DATASET RECORDS

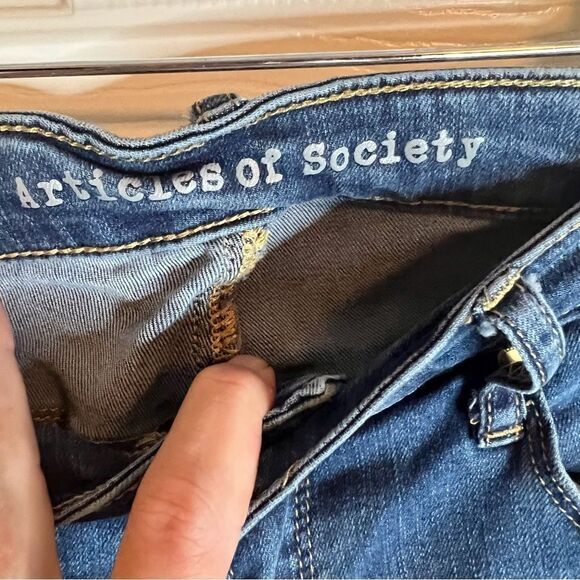 Articles Of Society Stretchy Jean, Size 28.‎  Comfy!  Distressed Ankle. - Picture 3 of 7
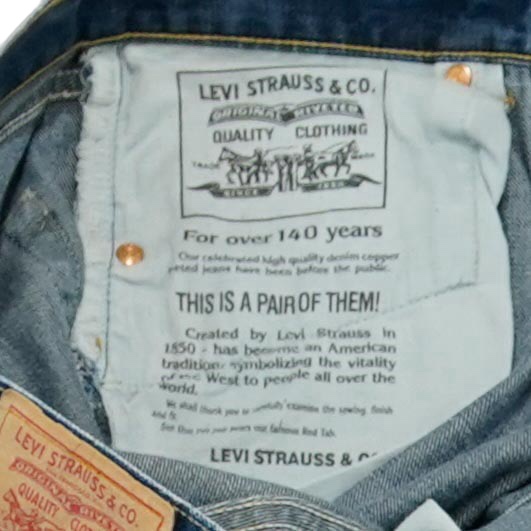 Pánské tmavě modré vintage džíny značky Levi's - typ 535 04 s nášivkou na zadní straně.. Levis 535 04 Jeans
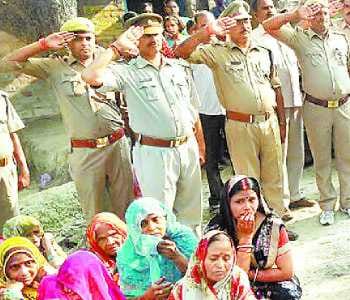 homeguard killed hitting by train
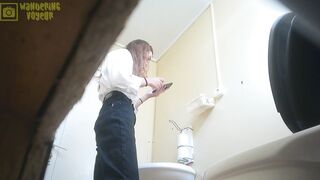 Shemale pissing while riding porn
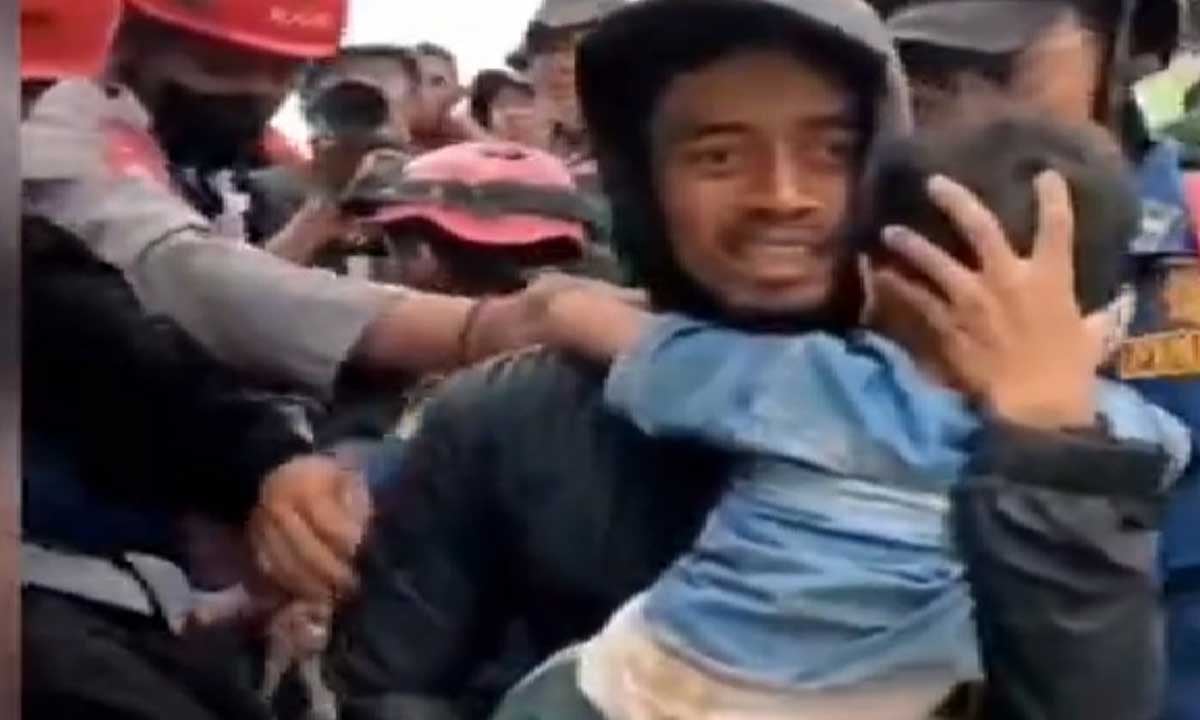 إنقاذ طفل ظل تحت الأنقاض ليومين في زلزال أندونيسيا (فيديو)

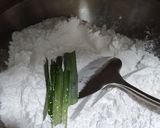 Foto langkah ke 1 dari resep Sagu Keju Topping Basil (Kue kesukaan Eyang Mami).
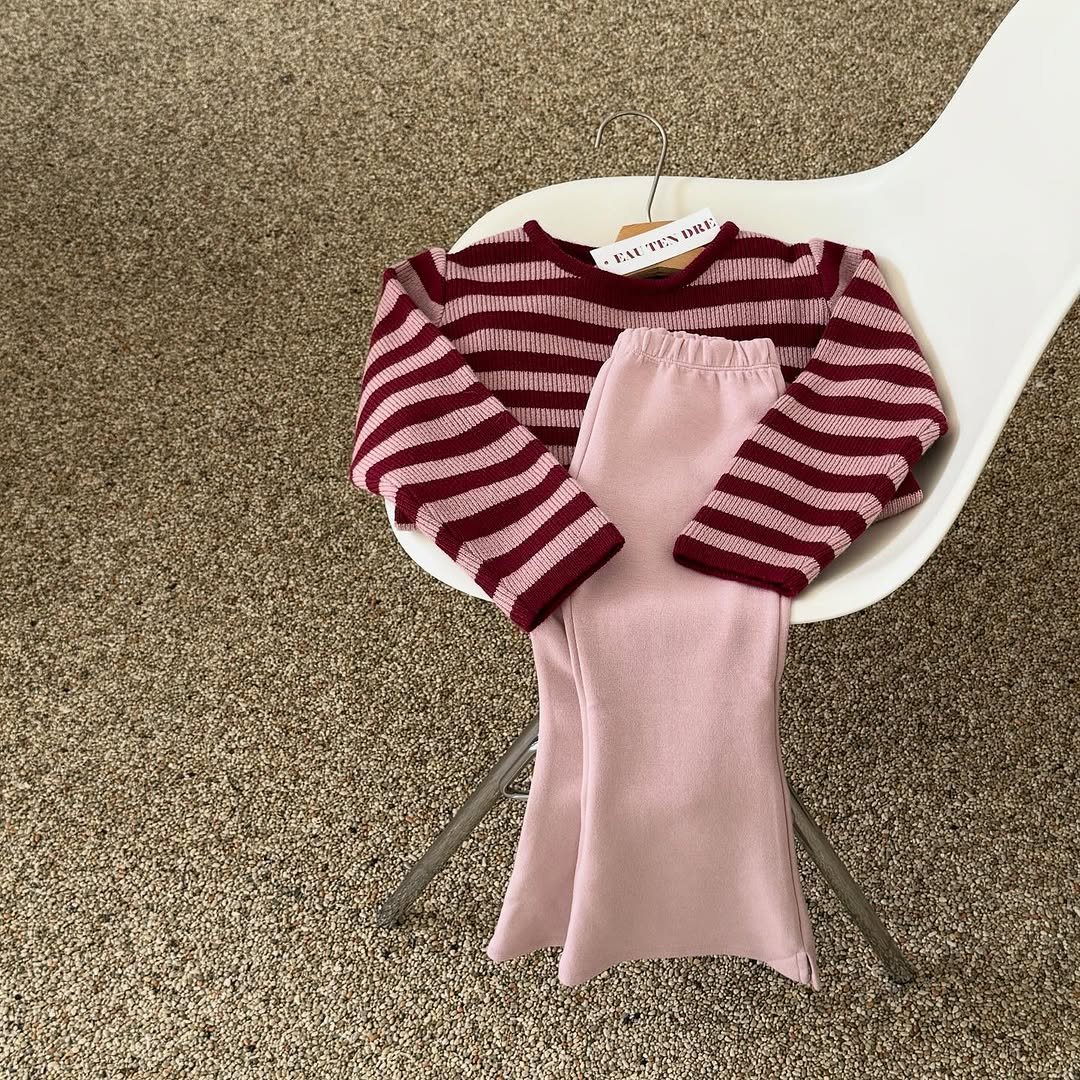 Photo by e t d _ 오땅뜨 on September 18, 2025. May be an image of sleepwear, knit, turtleneck and text.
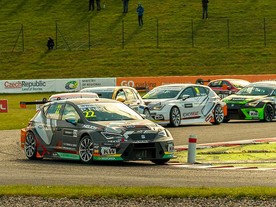 FIA ETCC Grand Finale - Most 2017: Fulín před Stefanovskim, Nimčem, svým synem a Nagym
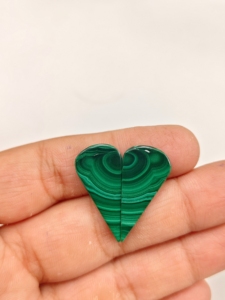 En gros, pierre précieuse naturelle de malachite verte, paire de cabochons à taille rose et ovale, pierre brute, cristal de guérison avec jeu de couleurs - Product Image 2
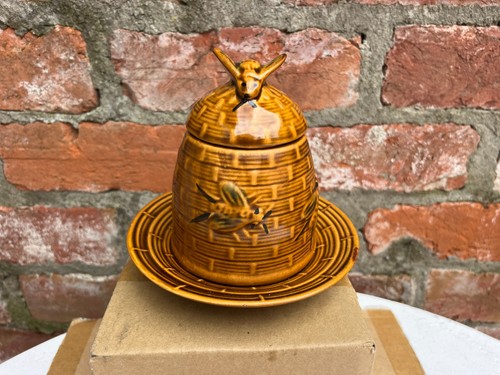 Vintage old shop - stock,, honey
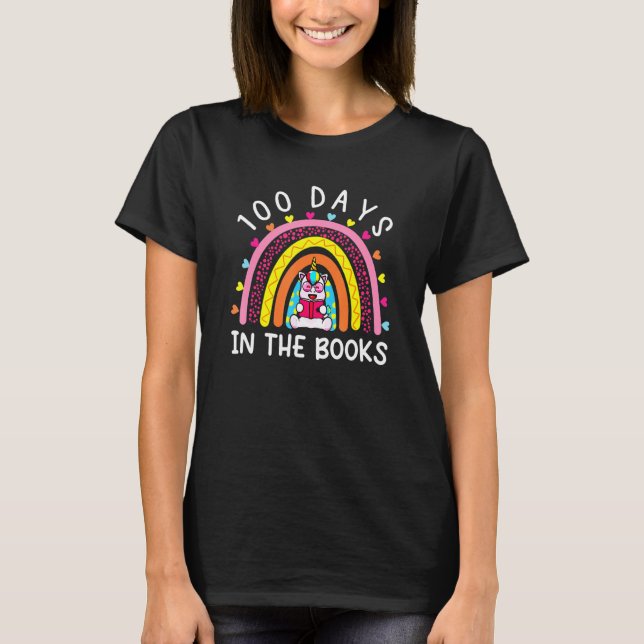 Camiseta Arco-Íris 100 Dias Nos Livros Unicórnio Lendo Amor (Frente)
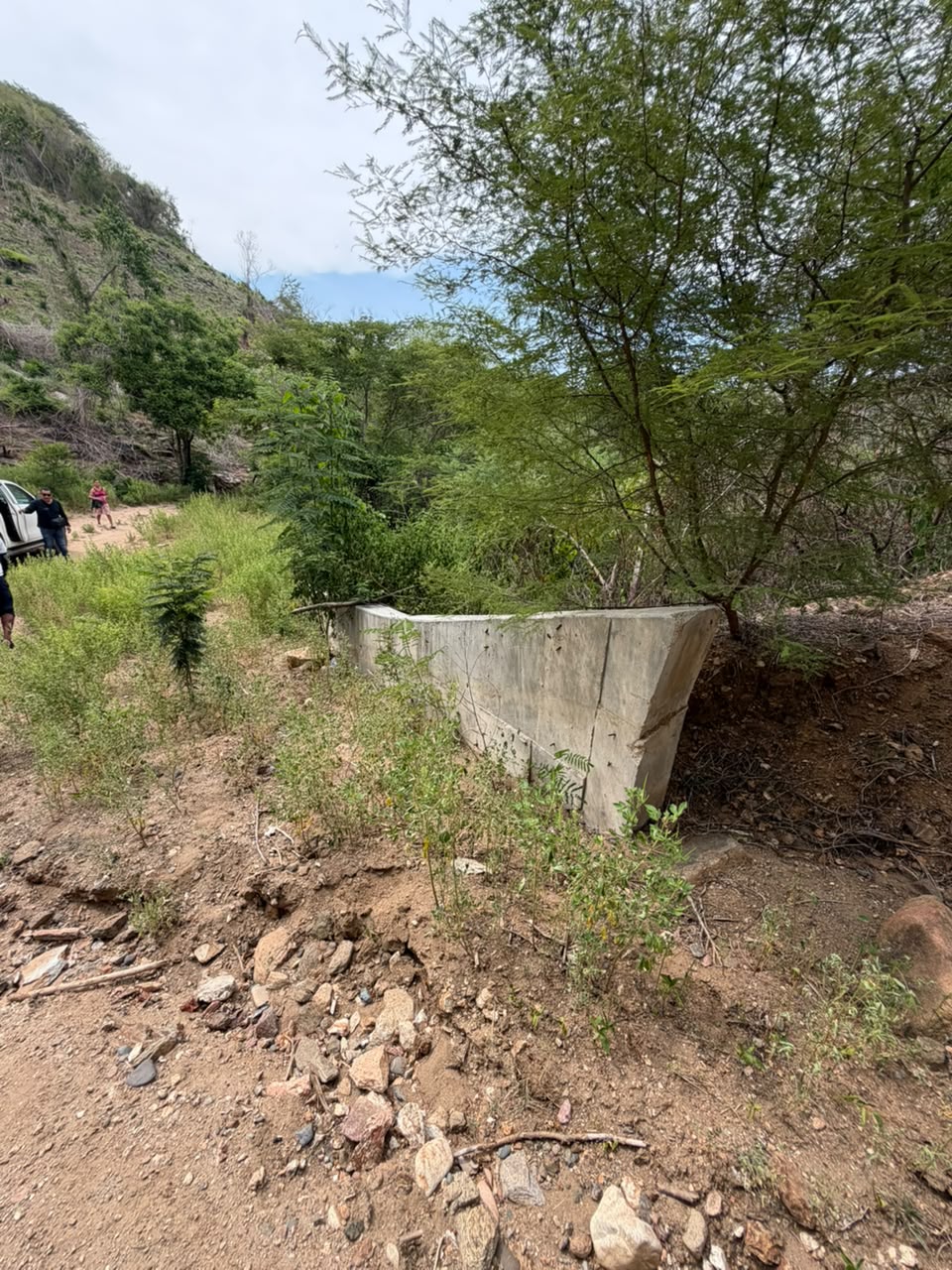 Construcción de muro de contención camino a Pochotlaxco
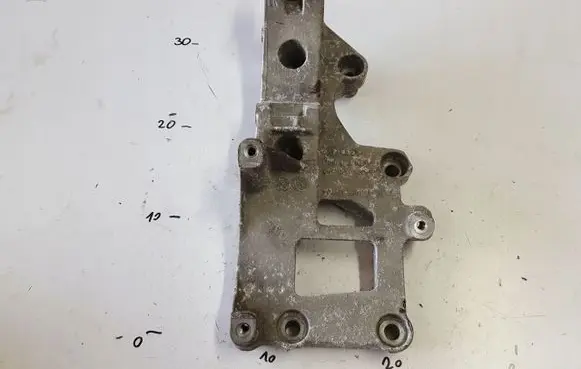 Skoda Octavia Mk2 (1Z) Generator/alternator bracket 06F903143E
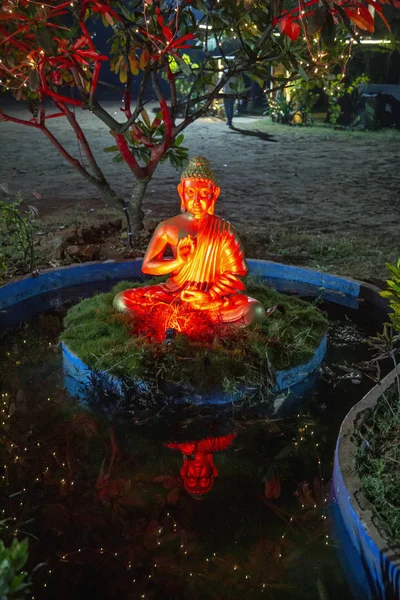 Vacker Buddha Staty Natten Trädgård Goa Indien — Stockfoto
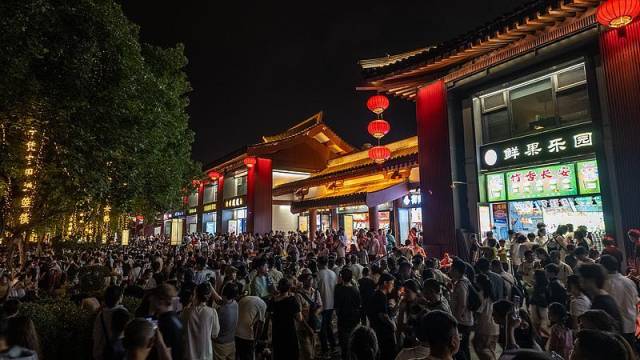 我駐美使館回應(yīng)美方宣布對等關(guān)稅：將采取必要措施堅定維護自身正當(dāng)利益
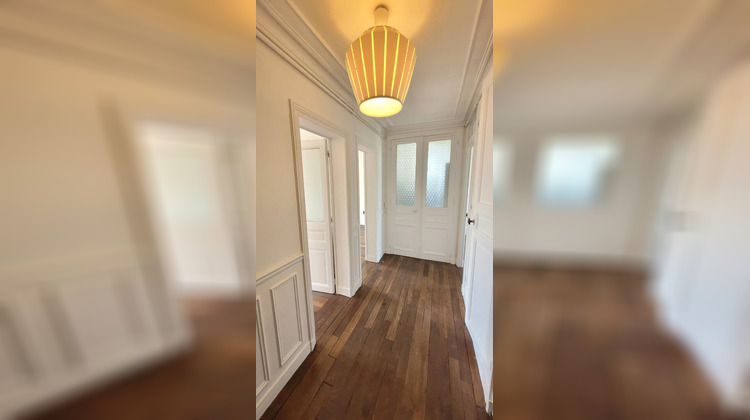 Ma-Cabane - Location Appartement COURBEVOIE, 63 m²
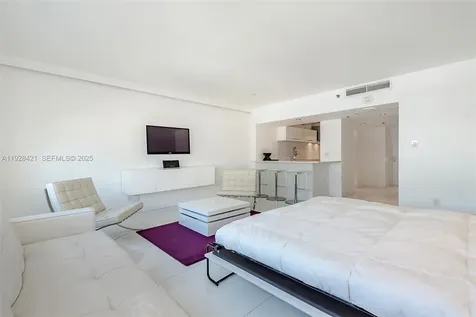 100 Lincoln Road Miami Beach FL 33139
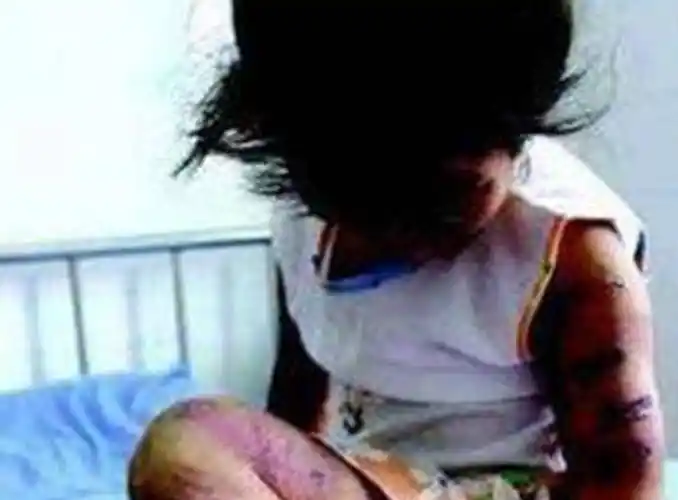 青海妈妈燕志云:虐待6岁女儿致死,7年后出狱,挖出女儿骨灰泄愤_苏丽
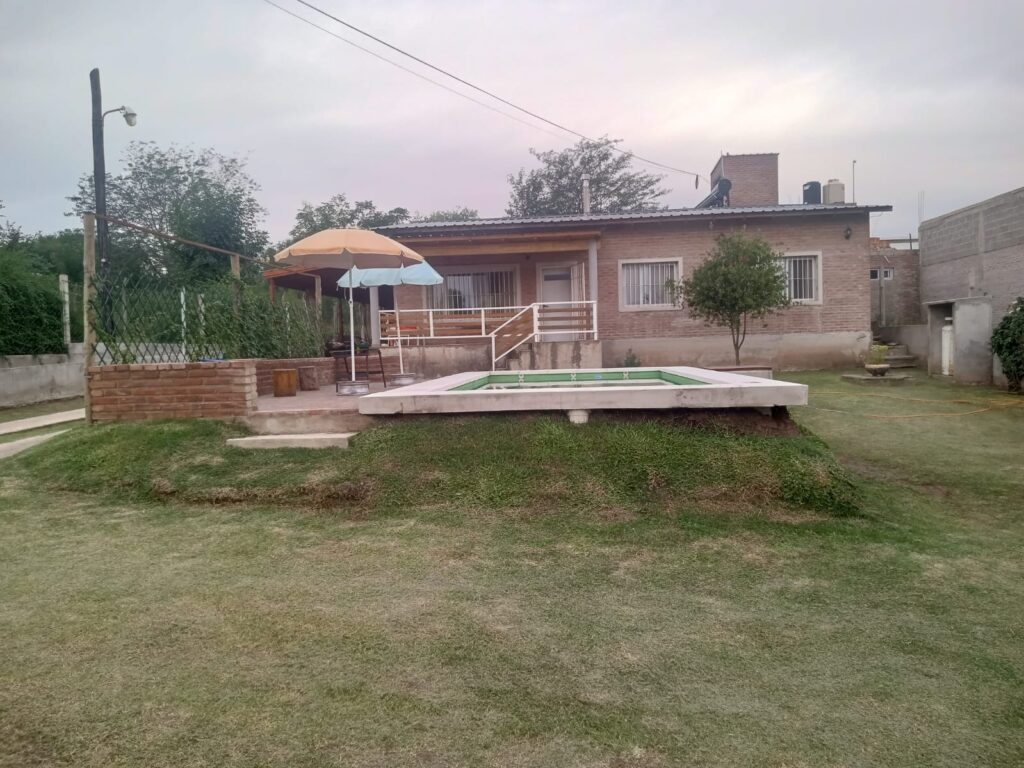 alojamiento en tanti Milagro-Waldo Bianchi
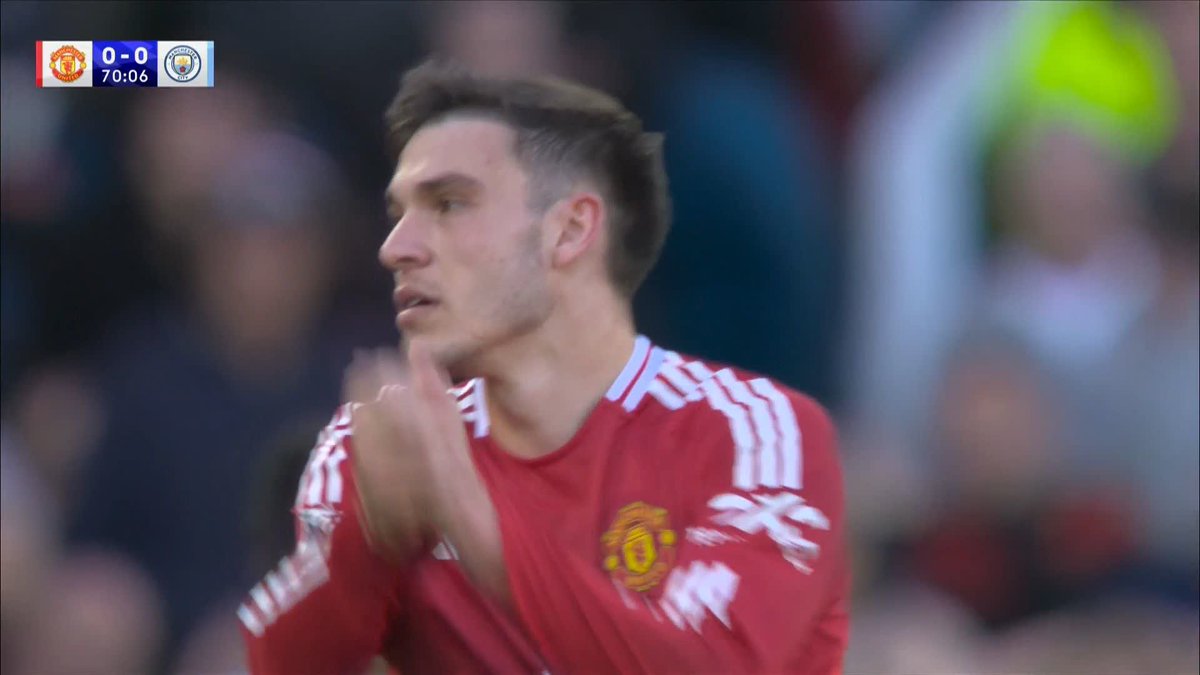 Manuel Ugarte comes incredibly close to finding the net! 😨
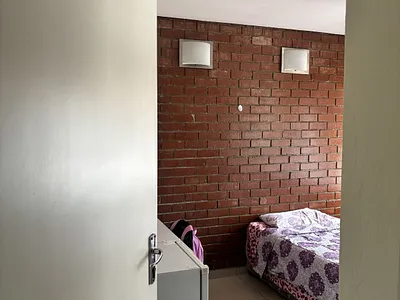 5 Bedroom Apartment For Sale in Johannesburg - img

THE TASK
Your reply should give again exactly the lines from the one with "青海妈妈燕志云:虐待6岁女儿致死,7年后出狱,挖出女儿骨灰泄愤_苏丽" through the last line of the data, with both ends included and pictures left out.

RESULT BELOW
 青海妈妈燕志云:虐待6岁女儿致死,7年后出狱,挖出女儿骨灰泄愤_苏丽
 alojamiento en tanti Milagro-Waldo Bianchi
 Manuel Ugarte comes incredibly close to finding the net! 😨
 5 Bedroom Apartment For Sale in Johannesburg - img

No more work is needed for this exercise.